● **ABOUT THIS TASK**: From the data underneath, reproduce exactly the stretch that begins at the line with "Мой Contacts Backup" and ends after the line with "SKECHERS Scarpe da".

______________________________

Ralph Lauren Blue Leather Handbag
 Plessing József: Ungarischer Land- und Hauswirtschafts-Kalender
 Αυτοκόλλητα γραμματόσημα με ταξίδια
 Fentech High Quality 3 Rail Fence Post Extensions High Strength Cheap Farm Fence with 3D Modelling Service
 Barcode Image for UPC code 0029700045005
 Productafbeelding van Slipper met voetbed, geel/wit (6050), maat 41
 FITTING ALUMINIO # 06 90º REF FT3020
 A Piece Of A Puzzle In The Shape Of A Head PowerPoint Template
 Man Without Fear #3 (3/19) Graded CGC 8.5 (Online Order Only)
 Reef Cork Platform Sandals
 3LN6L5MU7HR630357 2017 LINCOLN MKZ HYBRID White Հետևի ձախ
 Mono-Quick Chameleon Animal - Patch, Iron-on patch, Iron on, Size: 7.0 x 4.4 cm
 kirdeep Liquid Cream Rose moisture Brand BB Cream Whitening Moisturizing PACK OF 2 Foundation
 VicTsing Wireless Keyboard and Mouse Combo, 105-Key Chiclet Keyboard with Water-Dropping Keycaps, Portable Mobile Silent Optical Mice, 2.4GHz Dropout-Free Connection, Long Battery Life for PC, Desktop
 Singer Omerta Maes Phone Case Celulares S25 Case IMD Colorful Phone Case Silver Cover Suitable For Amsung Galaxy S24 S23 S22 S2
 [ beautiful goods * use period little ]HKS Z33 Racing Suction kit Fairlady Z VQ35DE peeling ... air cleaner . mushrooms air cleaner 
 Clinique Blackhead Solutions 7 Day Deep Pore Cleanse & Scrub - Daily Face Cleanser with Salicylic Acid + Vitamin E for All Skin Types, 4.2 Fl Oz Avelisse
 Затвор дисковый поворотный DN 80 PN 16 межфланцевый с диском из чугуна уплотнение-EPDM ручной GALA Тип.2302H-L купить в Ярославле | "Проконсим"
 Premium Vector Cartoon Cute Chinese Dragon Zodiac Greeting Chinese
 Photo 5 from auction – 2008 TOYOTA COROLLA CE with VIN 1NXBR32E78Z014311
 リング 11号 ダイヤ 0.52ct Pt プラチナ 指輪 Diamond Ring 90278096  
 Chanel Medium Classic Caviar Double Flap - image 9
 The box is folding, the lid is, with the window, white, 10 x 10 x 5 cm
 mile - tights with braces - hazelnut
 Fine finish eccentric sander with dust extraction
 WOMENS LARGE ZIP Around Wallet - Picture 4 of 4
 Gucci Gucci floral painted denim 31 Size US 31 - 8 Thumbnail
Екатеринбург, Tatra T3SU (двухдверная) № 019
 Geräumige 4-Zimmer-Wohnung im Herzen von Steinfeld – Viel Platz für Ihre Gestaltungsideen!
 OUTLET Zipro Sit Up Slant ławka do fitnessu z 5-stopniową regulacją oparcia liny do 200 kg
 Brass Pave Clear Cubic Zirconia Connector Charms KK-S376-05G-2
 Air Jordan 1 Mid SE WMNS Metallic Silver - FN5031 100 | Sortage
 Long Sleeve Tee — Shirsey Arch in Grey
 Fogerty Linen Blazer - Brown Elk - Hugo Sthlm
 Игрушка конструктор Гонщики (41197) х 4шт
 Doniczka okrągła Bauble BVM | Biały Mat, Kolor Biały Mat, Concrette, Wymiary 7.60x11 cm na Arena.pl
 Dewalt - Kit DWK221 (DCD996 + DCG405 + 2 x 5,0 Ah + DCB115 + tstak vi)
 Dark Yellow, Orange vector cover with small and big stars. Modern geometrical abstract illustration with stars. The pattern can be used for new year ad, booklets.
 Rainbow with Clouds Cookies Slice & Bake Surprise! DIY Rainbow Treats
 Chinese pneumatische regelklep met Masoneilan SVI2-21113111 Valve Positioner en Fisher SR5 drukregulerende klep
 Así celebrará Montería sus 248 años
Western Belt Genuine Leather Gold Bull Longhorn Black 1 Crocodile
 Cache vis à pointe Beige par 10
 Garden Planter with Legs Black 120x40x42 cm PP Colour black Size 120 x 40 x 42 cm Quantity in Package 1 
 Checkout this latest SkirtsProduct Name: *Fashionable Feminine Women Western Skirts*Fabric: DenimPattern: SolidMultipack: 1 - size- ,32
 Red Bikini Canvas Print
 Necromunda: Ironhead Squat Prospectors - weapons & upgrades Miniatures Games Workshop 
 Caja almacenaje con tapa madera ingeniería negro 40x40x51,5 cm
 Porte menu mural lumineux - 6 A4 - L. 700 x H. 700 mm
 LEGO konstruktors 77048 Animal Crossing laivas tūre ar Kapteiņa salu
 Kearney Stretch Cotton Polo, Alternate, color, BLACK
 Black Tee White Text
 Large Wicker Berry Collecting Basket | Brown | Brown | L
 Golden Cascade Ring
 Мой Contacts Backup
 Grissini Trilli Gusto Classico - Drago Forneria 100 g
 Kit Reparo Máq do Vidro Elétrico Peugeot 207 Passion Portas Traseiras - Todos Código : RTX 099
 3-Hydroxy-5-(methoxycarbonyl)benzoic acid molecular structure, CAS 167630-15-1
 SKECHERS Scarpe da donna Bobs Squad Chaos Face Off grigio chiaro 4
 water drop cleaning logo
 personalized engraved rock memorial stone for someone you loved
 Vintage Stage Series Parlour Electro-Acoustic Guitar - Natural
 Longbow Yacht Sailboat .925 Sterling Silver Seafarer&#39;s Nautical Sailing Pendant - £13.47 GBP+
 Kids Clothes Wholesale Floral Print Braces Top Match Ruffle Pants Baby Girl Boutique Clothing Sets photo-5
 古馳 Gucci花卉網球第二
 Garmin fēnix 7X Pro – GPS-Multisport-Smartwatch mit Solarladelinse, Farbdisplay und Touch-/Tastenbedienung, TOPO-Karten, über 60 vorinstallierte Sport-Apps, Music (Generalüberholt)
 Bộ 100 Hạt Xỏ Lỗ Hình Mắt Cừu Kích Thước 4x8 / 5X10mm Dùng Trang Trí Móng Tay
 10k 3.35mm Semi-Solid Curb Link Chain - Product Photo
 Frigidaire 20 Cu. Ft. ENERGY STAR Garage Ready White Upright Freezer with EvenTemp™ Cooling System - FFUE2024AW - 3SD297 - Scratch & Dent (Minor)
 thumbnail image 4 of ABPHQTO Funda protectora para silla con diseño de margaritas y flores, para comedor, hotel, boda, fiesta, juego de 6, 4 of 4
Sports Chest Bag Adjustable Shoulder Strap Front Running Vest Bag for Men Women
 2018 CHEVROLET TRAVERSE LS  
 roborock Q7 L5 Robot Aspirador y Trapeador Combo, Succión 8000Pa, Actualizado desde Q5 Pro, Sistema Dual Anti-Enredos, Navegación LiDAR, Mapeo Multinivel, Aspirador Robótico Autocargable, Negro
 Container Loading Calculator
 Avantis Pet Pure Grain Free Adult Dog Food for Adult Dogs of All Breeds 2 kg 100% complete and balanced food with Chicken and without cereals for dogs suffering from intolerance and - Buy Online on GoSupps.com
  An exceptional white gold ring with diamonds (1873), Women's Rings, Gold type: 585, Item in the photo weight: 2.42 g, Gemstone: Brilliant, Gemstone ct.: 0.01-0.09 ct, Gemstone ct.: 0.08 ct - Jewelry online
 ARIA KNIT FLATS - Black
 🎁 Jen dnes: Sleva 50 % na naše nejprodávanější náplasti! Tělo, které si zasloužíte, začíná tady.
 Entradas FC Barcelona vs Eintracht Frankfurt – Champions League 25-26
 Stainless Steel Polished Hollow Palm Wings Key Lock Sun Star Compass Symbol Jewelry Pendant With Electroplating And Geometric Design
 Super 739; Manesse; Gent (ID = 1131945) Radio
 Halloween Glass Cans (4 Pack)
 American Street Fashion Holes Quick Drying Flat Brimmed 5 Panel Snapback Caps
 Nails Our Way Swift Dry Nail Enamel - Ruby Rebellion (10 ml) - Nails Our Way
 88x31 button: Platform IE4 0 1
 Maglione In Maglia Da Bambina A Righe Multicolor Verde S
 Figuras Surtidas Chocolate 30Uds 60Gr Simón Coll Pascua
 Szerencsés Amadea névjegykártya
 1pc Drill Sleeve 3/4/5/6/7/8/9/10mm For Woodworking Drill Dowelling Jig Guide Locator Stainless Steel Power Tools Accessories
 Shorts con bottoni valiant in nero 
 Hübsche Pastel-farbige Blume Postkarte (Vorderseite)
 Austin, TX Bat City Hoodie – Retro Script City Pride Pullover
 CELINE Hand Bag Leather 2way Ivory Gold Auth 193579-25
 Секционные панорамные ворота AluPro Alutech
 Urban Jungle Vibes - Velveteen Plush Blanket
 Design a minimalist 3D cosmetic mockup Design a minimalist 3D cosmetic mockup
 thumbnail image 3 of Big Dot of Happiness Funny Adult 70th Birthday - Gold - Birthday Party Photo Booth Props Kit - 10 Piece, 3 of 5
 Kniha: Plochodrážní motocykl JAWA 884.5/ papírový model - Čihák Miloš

______________________________

● **EXPECTED ANSWER**:
 Мой Contacts Backup
 Grissini Trilli Gusto Classico - Drago Forneria 100 g
 Kit Reparo Máq do Vidro Elétrico Peugeot 207 Passion Portas Traseiras - Todos Código : RTX 099
 3-Hydroxy-5-(methoxycarbonyl)benzoic acid molecular structure, CAS 167630-15-1
 SKECHERS Scarpe da donna Bobs Squad Chaos Face Off grigio chiaro 4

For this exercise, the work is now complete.